Was ihnen ein Jahr zuvor verwehrt blieb, durften sie nun bejubeln: den Halbfinaleinzug und damit die sichere Egalisierung des bisher besten Ergebnisses ever.

„Wow, cool, super! Ein riesiges Kompliment an das ganze Team. Wie wir innert zwei Tagen Schweden und jetzt auch noch Russland geschlagen haben und jetzt gegen die USA rennen dürfen, das verdient Respekt und Hochachtung“ so ein gelöst wirkender Headcoach René Kammerer nach dem Spiel. „Doch jetzt warten nochmals zwei harte Spiele auf uns, also gehen wir weiter vorwärts!“ so Kammerer bevor er zum nächsten Interview musste.

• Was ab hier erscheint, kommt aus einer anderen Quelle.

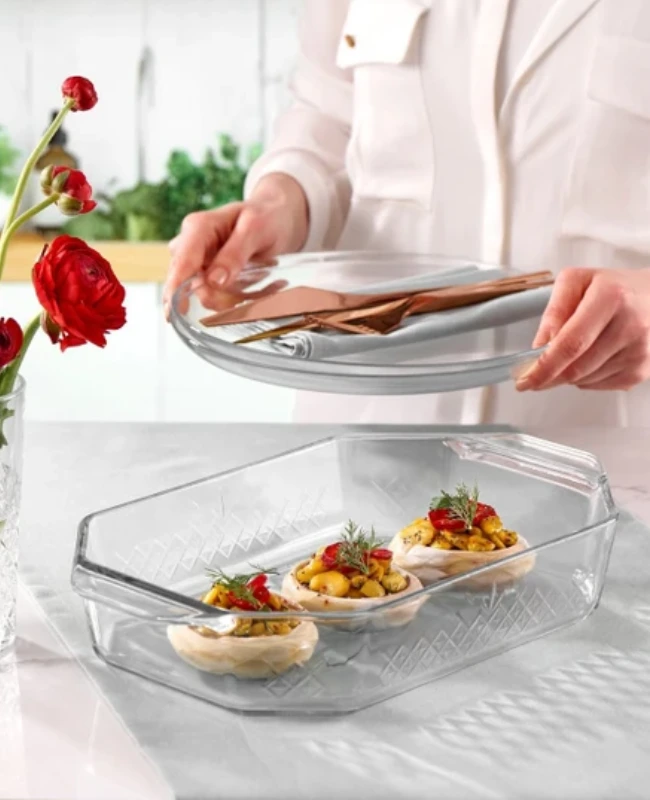 تابه شیشه‌ای پاشاباغچه بورجام کد 59974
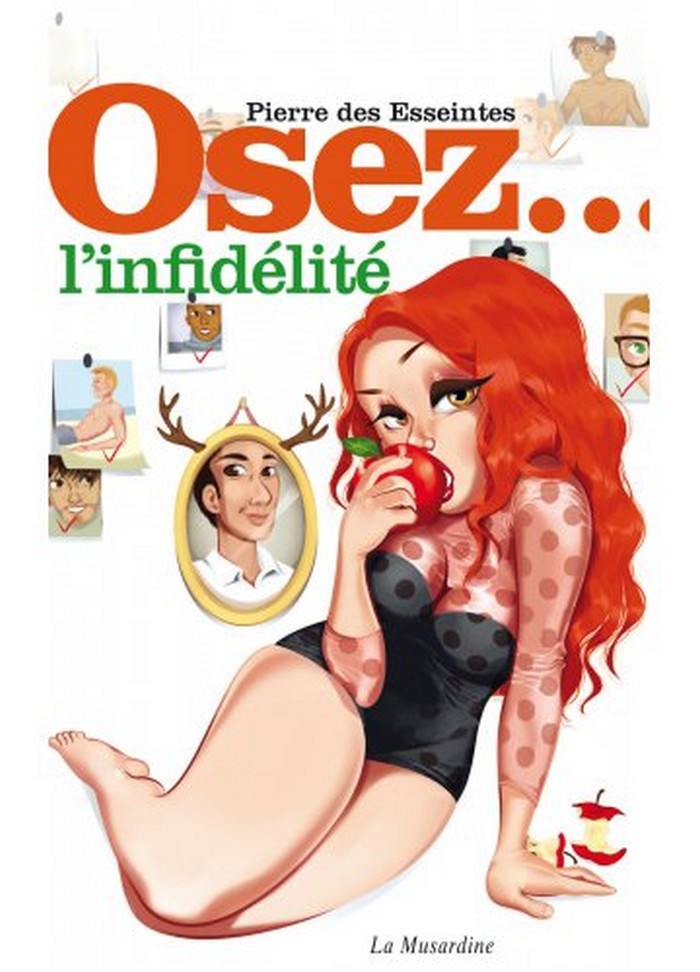 Osez l'infidélité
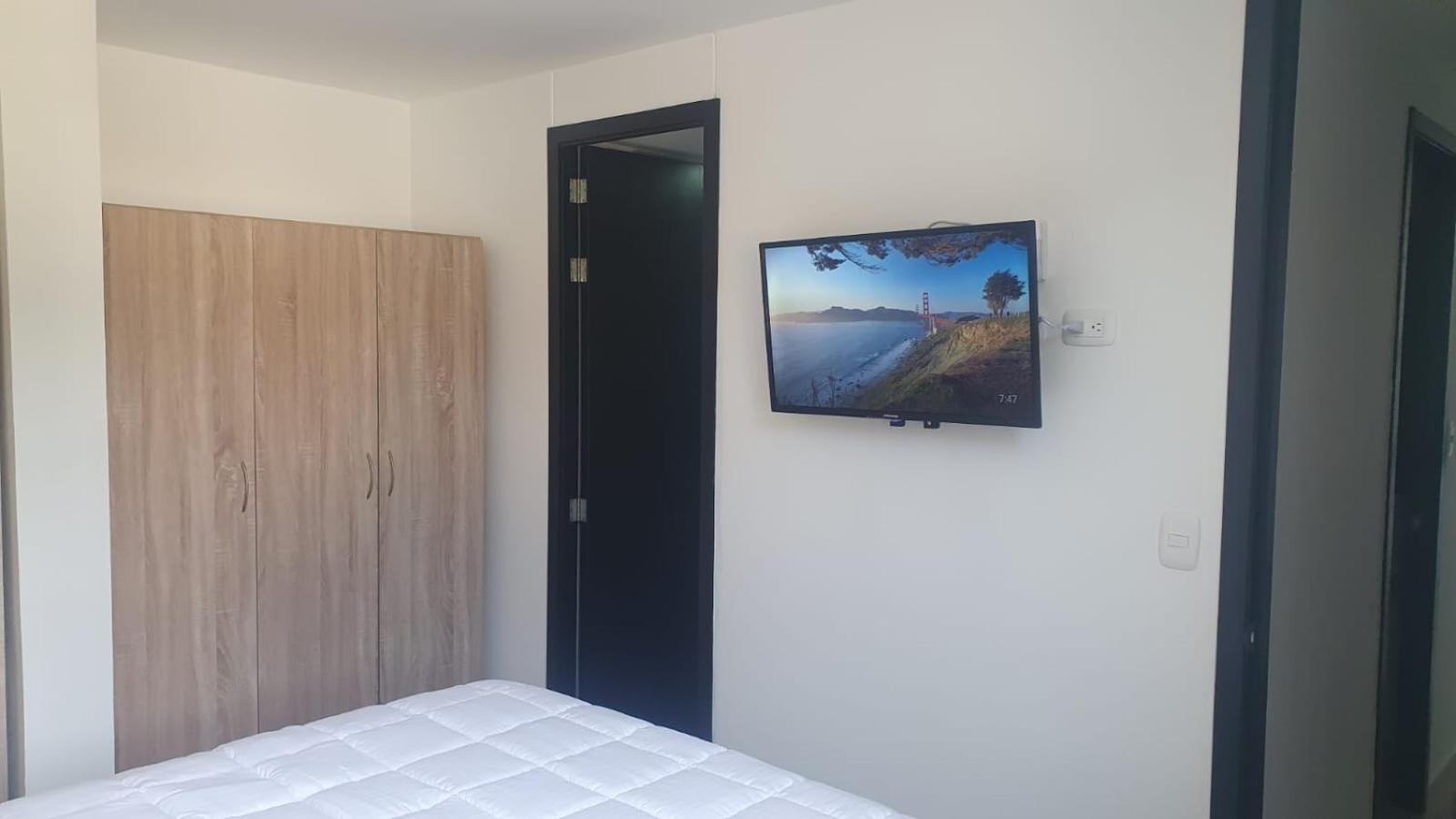 Bello Apartamento , Ubicado en el mejor sector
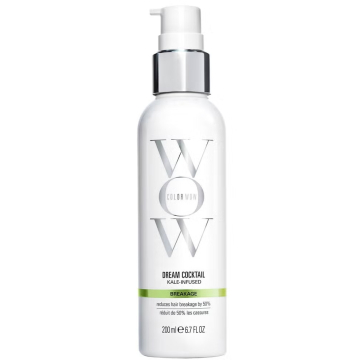 Color Wow Dream Cocktail Kale-Infused Leave-in Treatment 200ml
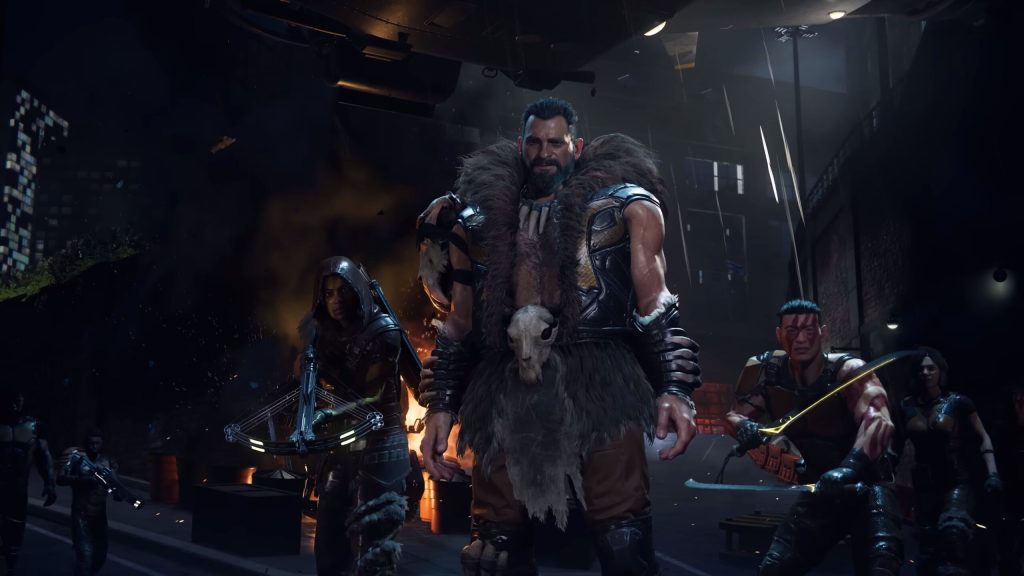 Marvel’s Spider-Man 2: ¿Quién es Kraven el&nbsp;Cazador?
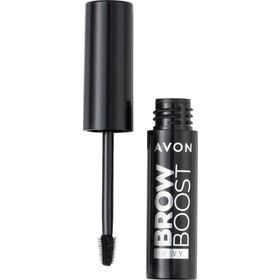 Avon Brow Boost Clear Kaş Jeli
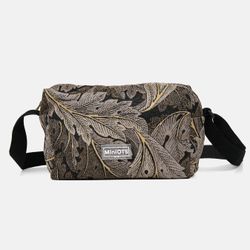 Bandolera petita Natura by MiniOTS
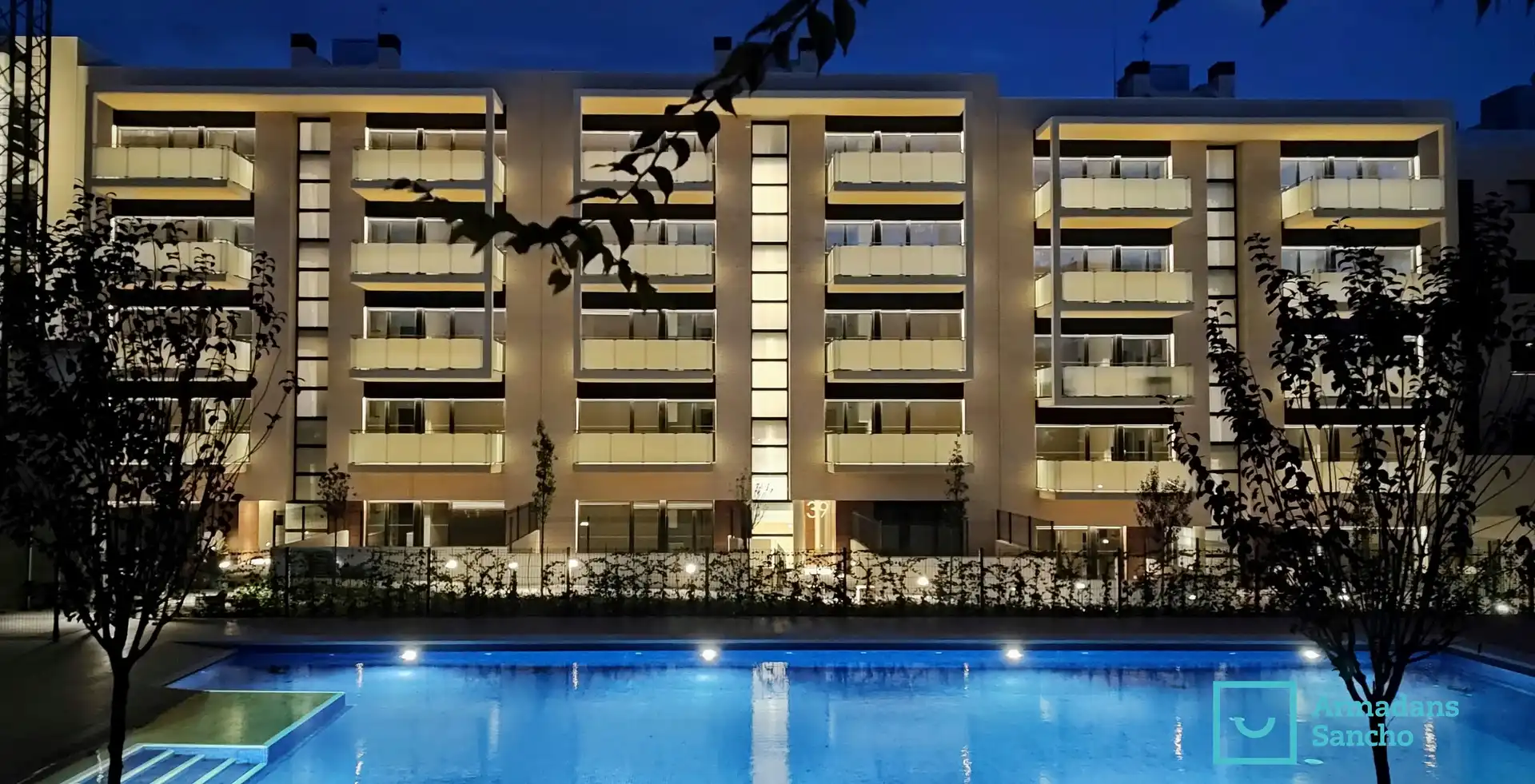 Local comercial en venta en Passatge del Modernisme 1, imagen 4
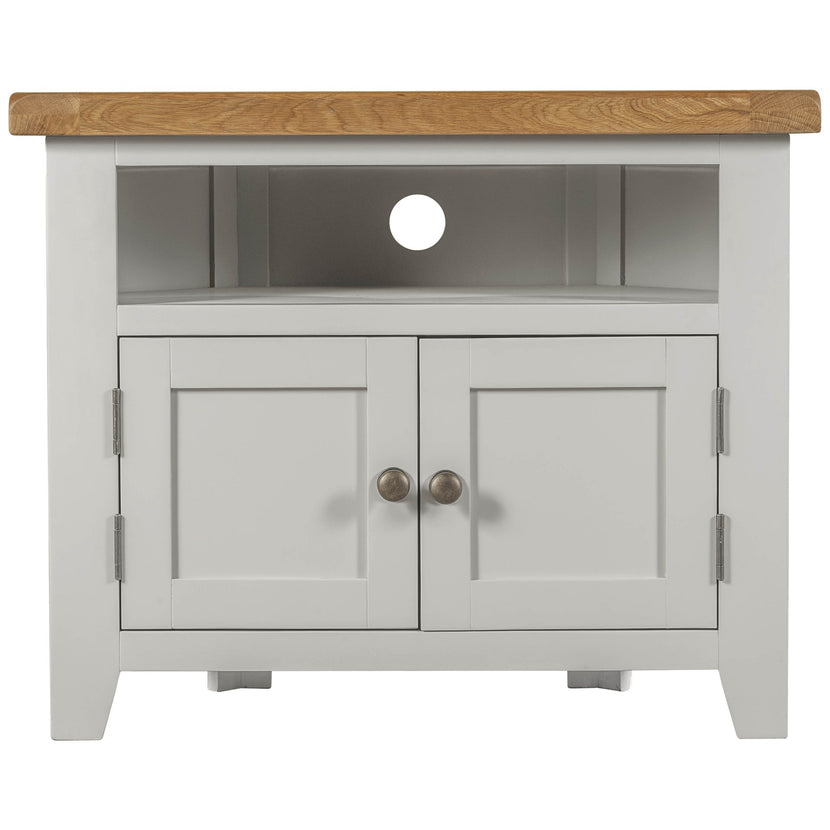Kelbrook Corner TV Unit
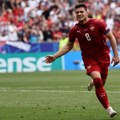 Luka Jović izabrao Ovijedo, karijeru nastavlja kod Veljka Paunovića,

Die Schweiz trifft am Freitag, 13. April (!!!) um 19:00 Uhr auf Weltmeister USA.   

Telegramm: Link
Russland - Schweiz 2:5 (1:2; 1:3; 0:0)
Gutterson Field House, Burlington (USA), 11.4.2012, 15.00 Uhr / 1340 Zuschauer

Tore: 3. Burina (Dyupina; Dyubanok) 1:0; 17. S. Marty (Frautschi, J. Marty; Ausschlüsse Sergina, Burina) 1:1; 20. (19:34) Staenz (Ausschluss Michielin!) 1:2; 23. J. Marty (Bullo, Leimgruber) 1:3; 28. Burina (Gavrilova, Dyubanok) 2:3; 30. Raselli (S. Benz, Frautschi; Ausschluss Dyubanok) 2:4; 38. S. Marty (Lehmann) 2:5

Strafen: 10 x 2 Min. gegen Russland, 8 x 2 Min. gegen die Schweiz

Aufstellung Schweiz: Schelling (Anthamatten); S. Benz; Bullo; Fischer; Forster; Frautschi; Lehmann; Leimgruber; J. Marty; S. Marty; Michielin; Nabholz; Raselli; Staenz; Steck; Stiefel; Thalmann; Vuille-dit-Bille; M. Waidacher; N. Waidacher; Zollinger

Bemerkungen: Schweiz ohne Slongo (überzählig).